For Data preparation step, you can use the options on the Data preparation tab to open or connect a data file for the analysis from a local machine or from a URL server. You can also use this section to apply data transformations, identify and review specific variables for the analysis, select a labeling variable for identifying specific case names to be used in the analysis, remove duplicate cases from the data and specify the use of a sample data set.

Element Name Description
Open/Connect data file Displays the Select Data Source dialog box and select the data file for the analysis.

Data Miner Recipes data files are saved in the standard Statistica format with extension *.sta.

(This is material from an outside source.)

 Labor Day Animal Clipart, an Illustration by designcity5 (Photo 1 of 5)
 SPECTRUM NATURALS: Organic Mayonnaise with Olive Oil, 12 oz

If you have completed subsequent steps in this project, opening a different data file invalidates those steps. Hence, if you click the Open/Connect data file button while a project is in process, you are asked if you want to delete the subsequent steps of the project (if any).
  1. Click No to cancel or Yes to proceed, in which case you are prompted to save the current project with the display of a Save as dialog box.
Apply data transformations Displays the Batch Transformation Formulas dialog box, which contains options to supplement the data transformation formulas built into the Statistica spreadsheet.

You can enter several transformation formulas into a text editor and evaluate these transformations in sequence, one by one. Any transformation you choose is also be applied to new data during deployment.

Select variables Displays a five-list variable selection dialog box, which is used to choose variables for the analysis.

You can select continuous and categorical targets, continuous and categorical predictors, and a validation sample variable.

Select labels(s) Displays a single list variable selection dialog box, which is used to identify one or more labeling variables for identifying specific cases from the data set for use in the analysis.

Note that case labels (ID) must be unique. If the selected variable does contain duplicate labels (for example two or more cases with the same label (ID) or the case names contain duplicate labels, the Next step fails and you are prompted to review the data set for duplicate names before continuing to the next step.

Use sample dataset You can select this check box to extract a random sample from the original data set and use that sample as the data for the analysis.

By default, this check box is selected for large data files and cleared for smaller data sets. The default selection is to use Systematic random sampling with K =1. Additional sampling methods are specified on the Advanced tab.

Remove duplicate record(s) You can select this check box to remove duplicate records from the data set.

Options for defining duplicate records are available on the Advanced tab.

Variables Displays the variable's type (continuous or categorical) and role (input, output and validation sample).

Changes to a variable's type or role are made by clicking the Select variables button.